Start of RECORDED DATA

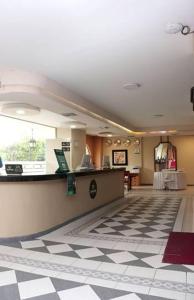 a lobby with a check in counter in a store at Hotel Casa Ballesteros in Barranquilla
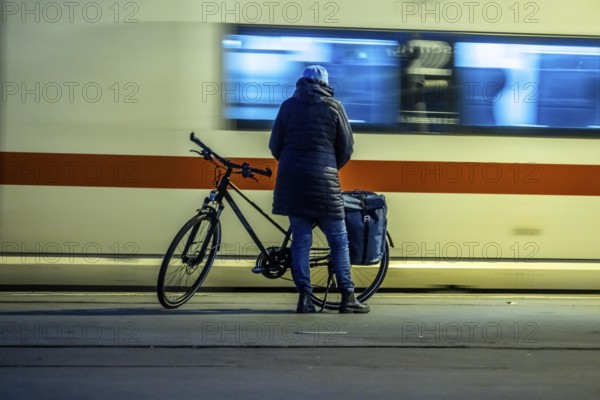 Cyclists waiting for the train, in Essen main station, on the platform, North Rhine-Westphalia,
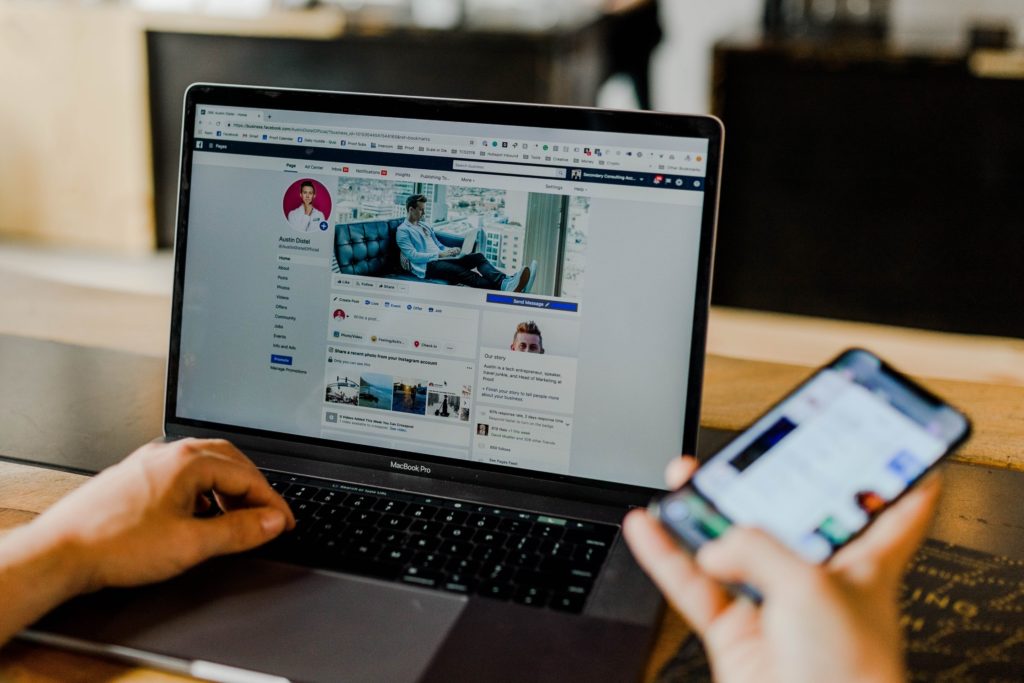 A person using a mobile phone and laptop simultaneously on Facebook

End of RECORDED DATA

**PROBLEM DETAILS**
Your copy should hold exactly the lines from the one that contains "Cyclists waiting for" through the final line of the data, both ends included, and no pictures.

**RESULT BELOW**
 Cyclists waiting for the train, in Essen main station, on the platform, North Rhine-Westphalia,
 A person using a mobile phone and laptop simultaneously on Facebook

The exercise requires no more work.